### EXERCISE INSTRUCTIONS
Output the data below exactly, without images.

### Crawled caption data
───
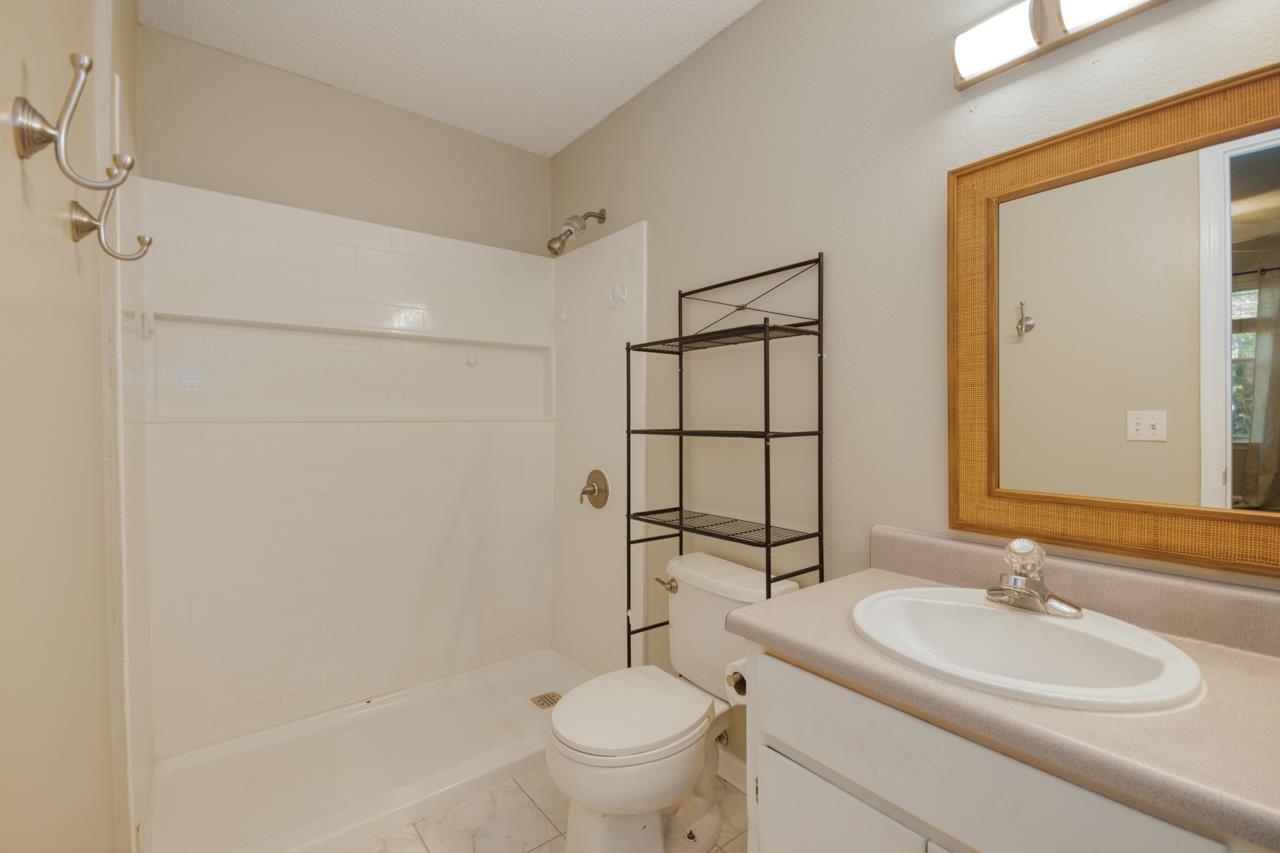 1100 Green Tree Court Unit: F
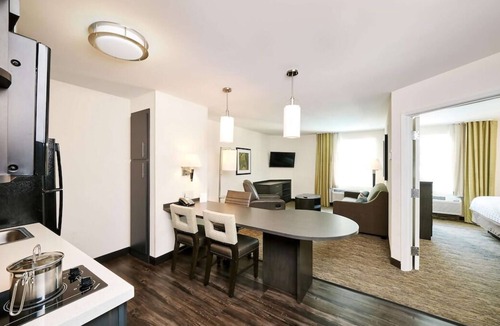 Southfield House | Great Relaxing Overnight Stay! 4 Spacious Rooms w/ Kitchen! Free Parking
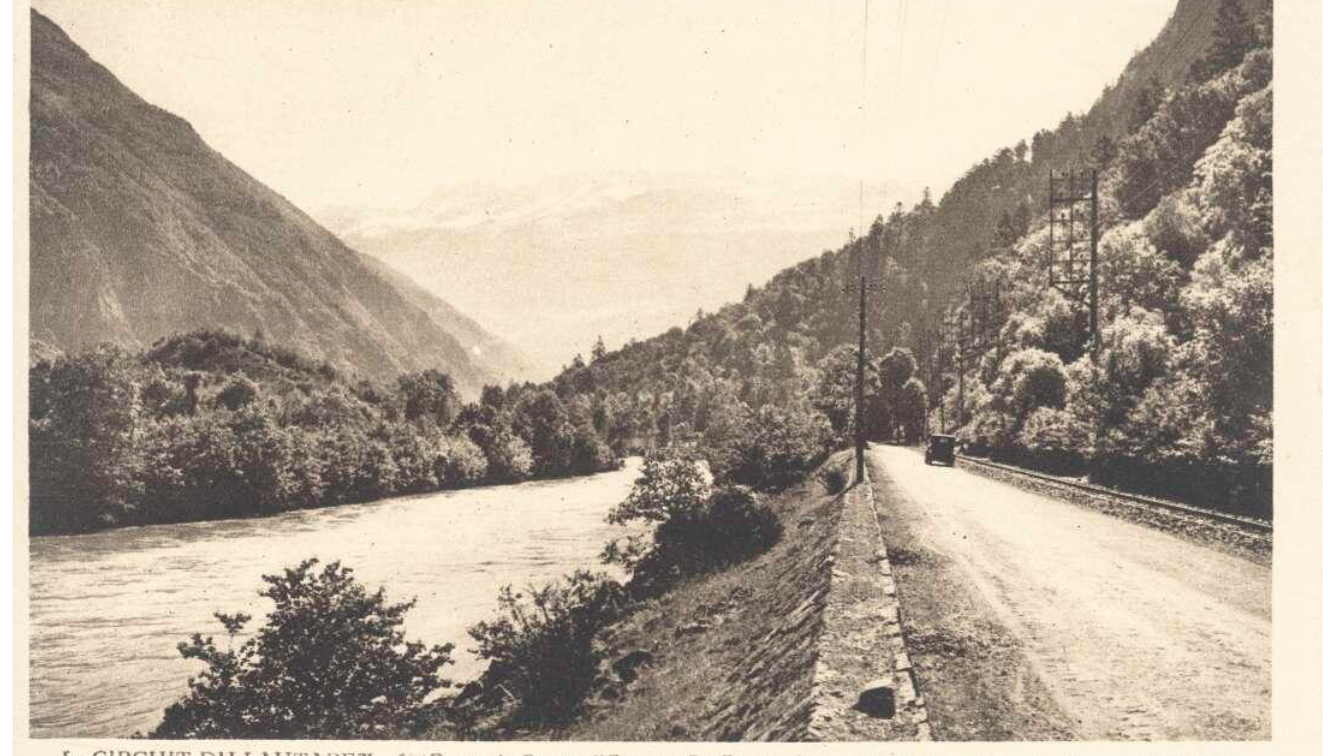 Une vue de la route du Bourg-d'Oisans, avec la Romanche et le massif des Grandes Rousses en arrière-plan, prise au début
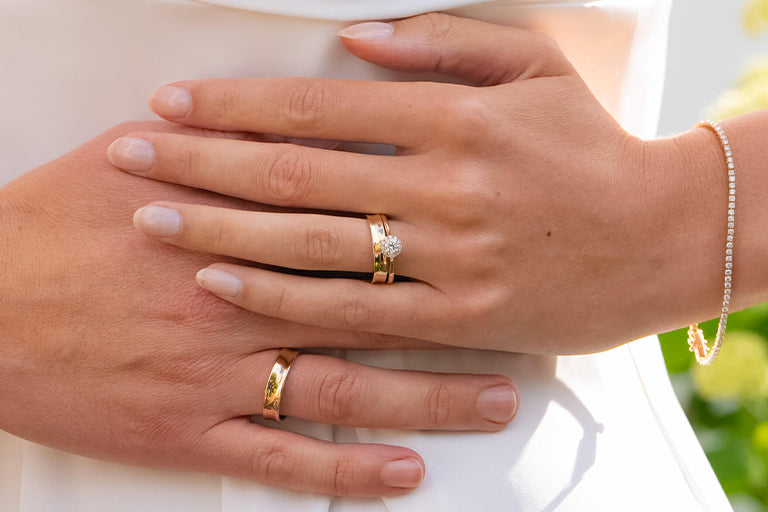 Model trägt Verlobungsring mit Lab Diamanten und Tennis Armband mit labor-kultivierten Diamanten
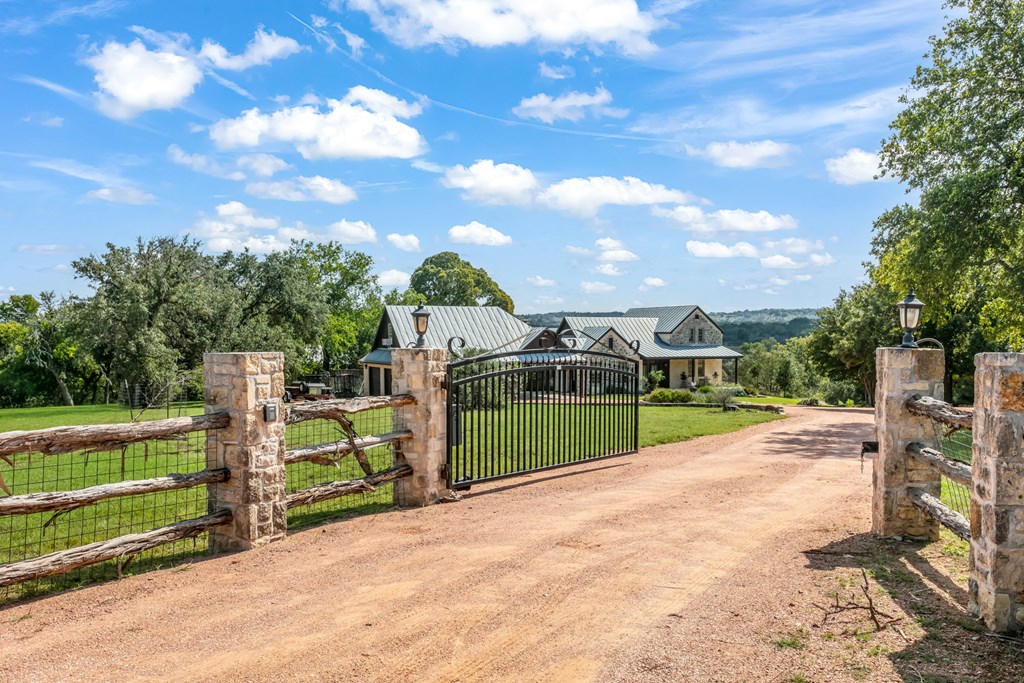 4535 Morris Ranch Road Fredericksburg, TX 78624 - Photo 36 of 46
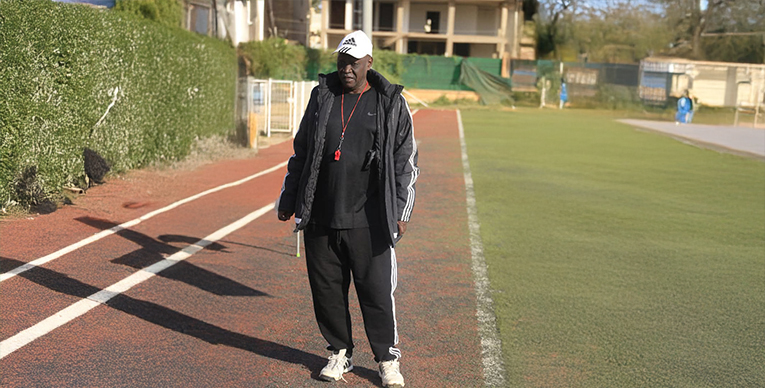 برهان تية يراهن على خبرة المنتخب في الشان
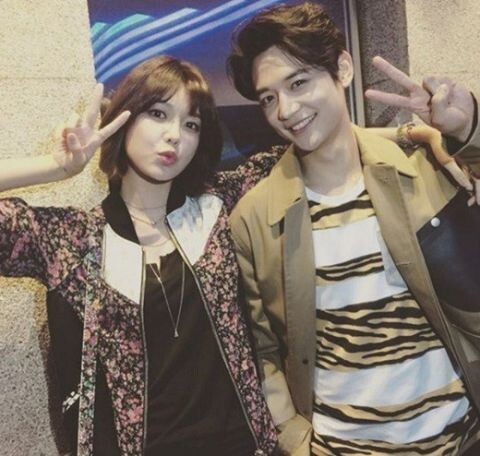 少女时代秀英出席时尚品牌PARTY 与SHINee成员珉豪拍下姐弟认证照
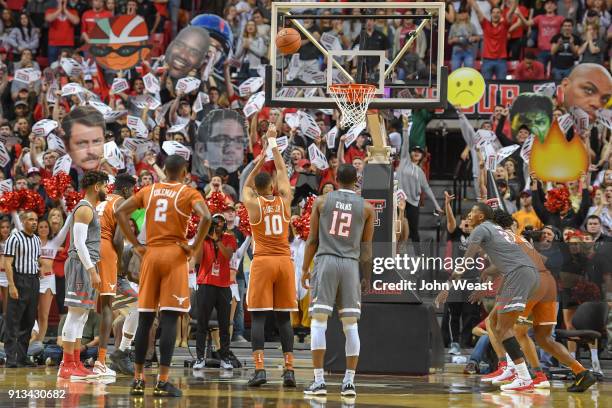 Eric Davis Jr. #10 of the Texas Longhorns shoots a free throw during the game against the Texas Tech Red Raiders on January 31, 2018 at United...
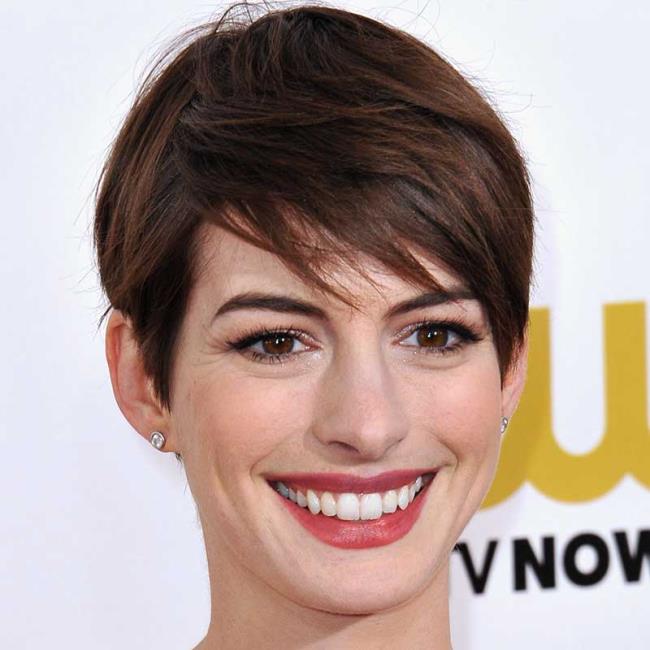 Most beautiful short haircuts ever: 100 images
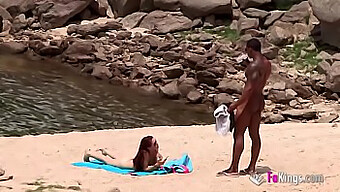 Oglejte Si, Kako Dobro Obdarjen Temnopolti Moški Uživa Na Plaži In Daje Oralni Užitek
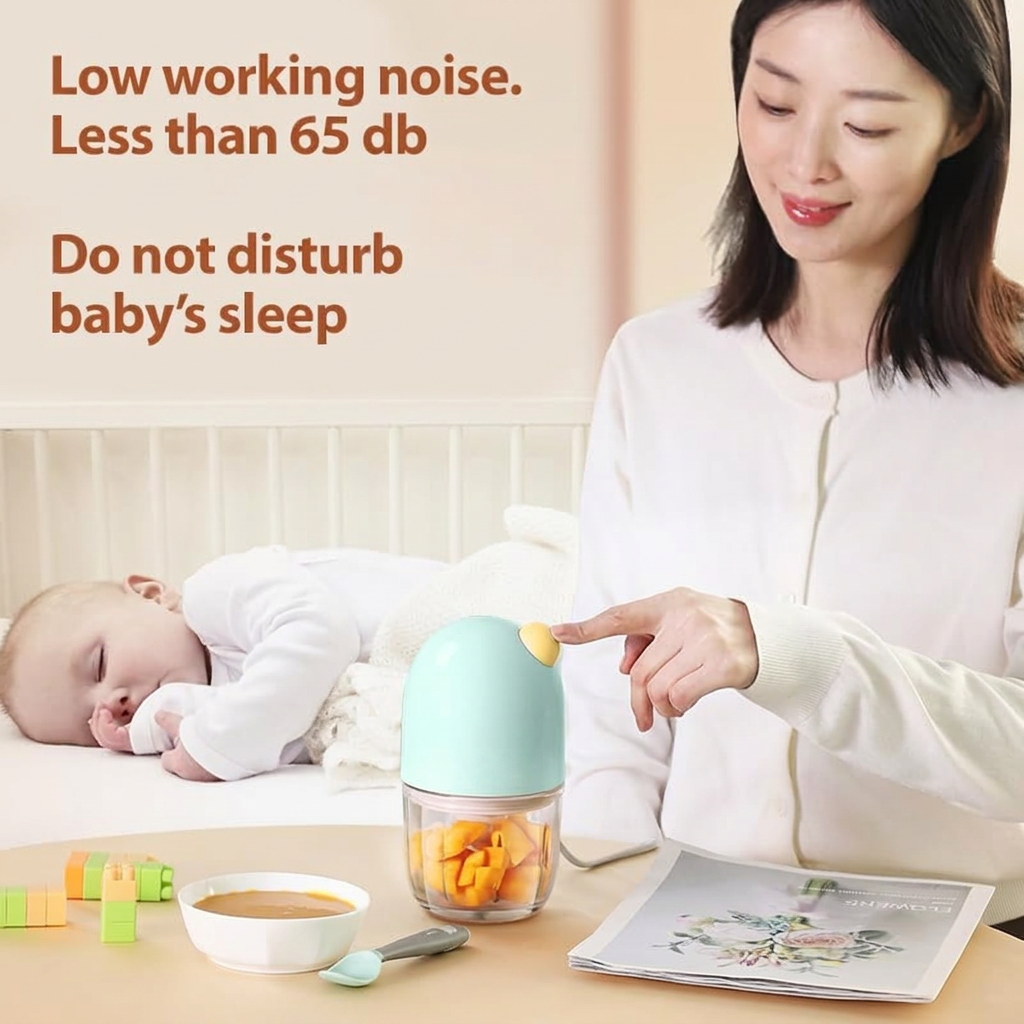 Compact baby puree blender and mini food chopper for homemade meals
───
### RESULT FOR THIS EXERCISE
 1100 Green Tree Court Unit: F
 Southfield House | Great Relaxing Overnight Stay! 4 Spacious Rooms w/ Kitchen! Free Parking
 Une vue de la route du Bourg-d'Oisans, avec la Romanche et le massif des Grandes Rousses en arrière-plan, prise au début
 Model trägt Verlobungsring mit Lab Diamanten und Tennis Armband mit labor-kultivierten Diamanten
 4535 Morris Ranch Road Fredericksburg, TX 78624 - Photo 36 of 46
 برهان تية يراهن على خبرة المنتخب في الشان
 少女时代秀英出席时尚品牌PARTY 与SHINee成员珉豪拍下姐弟认证照
 Eric Davis Jr. #10 of the Texas Longhorns shoots a free throw during the game against the Texas Tech Red Raiders on January 31, 2018 at United...
 Most beautiful short haircuts ever: 100 images
 Oglejte Si, Kako Dobro Obdarjen Temnopolti Moški Uživa Na Plaži In Daje Oralni Užitek
 Compact baby puree blender and mini food chopper for homemade meals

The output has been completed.